Hakuna matata è la risposta: nessun problema. Eppure ci sono. I miei occhi, però, vedevano persone energiche e fresche, in una calma che probabilmente noi occidentali siamo abituati a perdere in situazioni anche molto banali. L’autobus è in ritardo, il semaforo è rosso, qualcuno intralcia la nostra strada e subito l’ansia prende il sopravvento, lo stress e la stanchezza sono la reazione, la diffidenza, la chiusura diventano l’arma. È stato questo a stupirmi di più: la capacità di vivere insieme ai problemi, dentro ad una realtà con i suoi macigni e non contro di essa, non in perenne contrasto. Questa differenza la senti addosso e ti fa sentire leggero, vivo. È stato come assaggiare una pietanza dopo averne sentito a lungo parlare: ho afferrato la forchetta carica di aspettative. Il sapore, però, non è stato quello che immaginavo.
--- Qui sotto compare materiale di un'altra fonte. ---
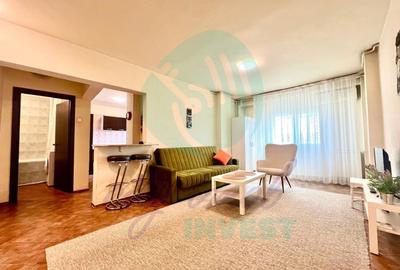 Apartament cu 2 camere decomandat, mobilat în Decebal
Pensavo di assaporare lo strazio di una realtà solo povera ed arretrata, invece ho potuto apprezzare il gusto di una vitalità forte, sincera e allo stesso tempo pacata. Forse è proprio questa la risposta più efficace ad un contesto che a primo impatto definiresti soffocante, se sei abituato a prospettive che lì appaiono tanto innaturali.
L’Africa non è l’Europa ma parlarne in maniera astratta ne enfatizza una visione patetica che invece non ritrovi negli occhi della gente. Il piatto è semplice, ma speziato, puoi gustarne la peculiarità se metti da parte la pressante esigenza di trovare differenze. Vorrei conservare e condividere la consapevolezza di questa autenticità, tale nonostante le difficoltà, forse grazie ad esse. È un angolo prezioso quello in cui i macigni diventano la propria forza. Forse il vero augurio che faccio a me stessa e a chiunque voglia conoscere qualcosa di nuovo è quello di ricordare sempre di rispettare ciò che si sta per assaggiare, cogliendone i sapori delicati, rudi, amari senza la presunzione di doverli cambiare o salvare in virtù di un modello mentale distante e differente. Semplicemente gustarli, camminarci dentro e crescerci insieme.